You are viewing a plain text version of this content. The canonical link for it is here.
Posted to dev@lucene.apache.org by Shawn Heisey <ap...@elyograg.org> on 2018/08/14 06:37:55 UTC

Speeding up the really slow Solr tests

If there's anyone I need to target specifically with this email, I think 
it's anyone who has a good working mental map of SolrCloud internals -- 
how everything interacts with ZK and between multiple nodes.  Erick 
deserves special mention because he's down in the test trenches 
frequently, slogging through the scary places.

There are a number of Solr tests, particularly those having to to with 
SolrCloud, that take a long time even on a particularly good test run.  
A bunch of them that take a minute or longer seem to involve ZooKeeper 
in some way, or exercise some other part of SolrCloud.

Here's some examples of the outliers:

    [junit4] Suite: org.apache.solr.cloud.api.collections.ShardSplitTest
    [junit4] Completed [421/829] on J2 in 464.11s, 10 tests

    [junit4] Suite: org.apache.solr.cloud.BasicDistributedZkTest
    [junit4] Completed [446/829] on J0 in 518.82s, 1 test

I'm wondering how much of the time on these long-running cloud tests is 
spent waiting for 15-60 second timeouts rather than actually executing 
test code.  Could we possibly speed some of these tests up just by 
adjusting timeouts to lower values?  My thought is that if a subsystem 
failure is expected as part of a test, why not expedite things so it 
happens in 5 seconds or less, instead of waiting 30 or 60 seconds?  
Maybe just make this change on tests where we actually do expect 
timeouts to be exceeded, not tests where everything is supposed to work 
correctly.

I know that we won't be able to speed up EVERY test in this way.  The 
timeouts default to such long values because there have been observable 
situations in the wild where short timeouts just aren't enough.  But if 
the idea has merit at all, I think there might be an opportunity to 
substantially speed up an overall test run.
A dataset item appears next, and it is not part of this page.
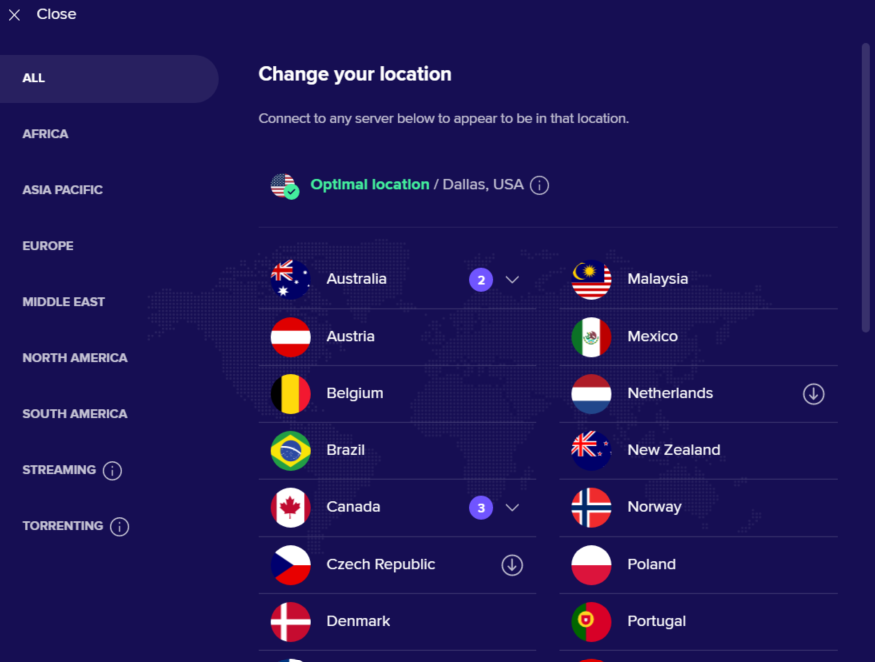 Avast SecureLine VPN's server list tab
Is this idea completely insane?

Thanks,
Shawn


---------------------------------------------------------------------
To unsubscribe, e-mail: dev-unsubscribe@lucene.apache.org
For additional commands, e-mail: dev-help@lucene.apache.org


Re: Speeding up the really slow Solr tests

Posted by Erick Erickson <er...@gmail.com>.
bq. So alternatively include them by default but have a flag that will
exclude them for everyday (and Lucene?) use.

+1.

On Tue, Aug 14, 2018 at 5:52 AM, Jan Høydahl <ja...@cominvent.com> wrote:
> *think* your idea is that "ant test" would run the (probably quicker) unit
> tests, but "ant precommit" would run a larger set that includes integration.
>
>
> Not necessarily in "precommit" but perhaps "ant integrationtest" or
> something. The risk is that they fall under the radar and become even more
> rotten than they are already. So alternatively include them by default but
> have a flag that will exclude them for everyday (and Lucene?) use.
>
> --
> Jan Høydahl, search solution architect
> Cominvent AS - www.cominvent.com
>
> 14. aug. 2018 kl. 14:29 skrev Shawn Heisey <ap...@elyograg.org>:
>
> On 8/14/2018 6:13 AM, Jan Høydahl wrote:
>
> Is is normally a good practice to separate unit tests from integration
> tests, but with Solr we run all tests (except nightly and badapple) every
> time.
> I think it would help everyday development workflow if the normal "ant test"
> runs would exclude integration tests (spinning up clusters etc), but rather
> require those to be run before actually committing. Before we make such a
> change we'd probably need to look at the code coverage without those
> integration tests and add more unit tests to cover weak areas with
> stubbed/mocked unit tests.
>
>
> If I'm understanding you correctly, it sounds like a good idea.  ( *think*
> your idea is that "ant test" would run the (probably quicker) unit tests,
> but "ant precommit" would run a larger set that includes integration.
> Probably going to need a new annotation.
>
> I do think that integration tests that are actually expecting a timeout
> should be expedited when possible.  I can't say how frequently that would be
> possible -- I'm not very familiar with all the inner workings of SolrCloud,
> its interaction with ZK, and how the tests work.  I suspect that most
> integration test where we are NOT trying to cause failures with timeouts
> probably will run relatively quickly, though I am sure there are some where
> this is not the case.
>
> Thanks,
> Shawn
>
>
> ---------------------------------------------------------------------
> To unsubscribe, e-mail: dev-unsubscribe@lucene.apache.org
> For additional commands, e-mail: dev-help@lucene.apache.org
>
>

---------------------------------------------------------------------
To unsubscribe, e-mail: dev-unsubscribe@lucene.apache.org
For additional commands, e-mail: dev-help@lucene.apache.org


Re: Speeding up the really slow Solr tests

Posted by Jan Høydahl <ja...@cominvent.com>.
> *think* your idea is that "ant test" would run the (probably quicker) unit tests, but "ant precommit" would run a larger set that includes integration.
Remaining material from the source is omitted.